The fact that Arkin could be as scary as he was funny is a testament to his consummate skill as an actor. And his versatility didn’t just extend to acting. He had a hit single, “The Banana Boat Song”, as a member of the folk singing group The Tarriers. He excelled in improv comedy at Chicago’s Second City troupe, the incubator of talented performers. He was a published author, playwright and director for both stage and screen. Among his directorial triumphs is the film adaptation of Jules Feiffer’s groundbreaking black comedy Little murders (sadly forgotten these days, but brilliant) and the original Broadway production by Neil Simon The boys of the sun. Why in recent years no one has thought of casting Arkin in a remake of the film version of that play is a mystery.
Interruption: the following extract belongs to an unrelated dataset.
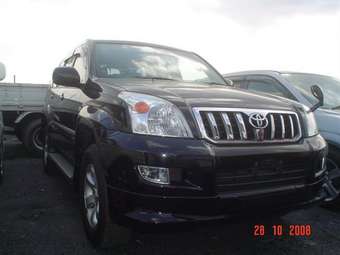 2005 Toyota Land Cruiser Prado Pictures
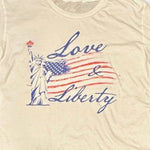 Love & Liberty Womens Tee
Arkin had a modest but undeniable talent. He won a Tony Award for his first Broadway lead role in Enter Laughing and an Academy Award nomination for his first lead role in a film The Russians are coming, the Russians are coming. It could break your heart, whether you play a deaf man who can’t speak in Carson McCullers’ creepy film The heart is a lonely hunter or a widower struggling to raise two children Doll. And it might make you laugh hysterically, from his work as a straight man opposite Peter Falk in The in-laws to his hilarious and profane support performances in Argon AND Little miss Sunlight to his impassive terrified shrink Gros Pointe Blank.
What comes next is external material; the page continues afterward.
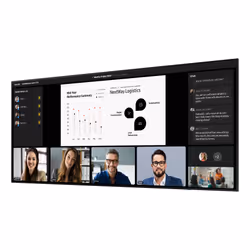 Samsung LH105QPD5BGXEN Écran d'affichage dynamique 2,67 m (105") Wifi 500 cd/m² 5K Ultra HD Noir Tizen 7.0 24/7 - Vue supplémentaire 4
Arkin has made a lot of movies, not all of them good. (Anyone who remembers Chu Chu and the Philadelphia Flash, The last of the Red Hot Lovers, Bad medicine OR Flag Raised? I didn’t think so.) But he was hardly ever mean In They. He had a remarkable ability to elevate even mediocre material into something worth watching, if only for him.

Following her acclaimed 1965 Broadway turn in Murray Schisgal’s Love, Arkin focused on film and television and did not return to the theater except occasionally as a director. But he made a rare stage appearance in 1998 on off-Broadway Power games, a trio of one-act plays he directed, wrote and starred opposite Elaine May, with whom he once performed in Second City. I was lucky enough to see it, and even a quarter century later it remains in my memory – not as a big night of comedy (they were sporadically funny at best), but as a comedy acting lesson of two of the best of all times.

Arkin’s death affected me more than usual. I mean, every segment of “In Memoriam” in every award show these days features artists that I’ve long loved. But Arkin was a more comforting presence than most. He made irony and sarcasm seem like the most natural and intelligent response to a world that is making less and less sense. We needed him now more than ever.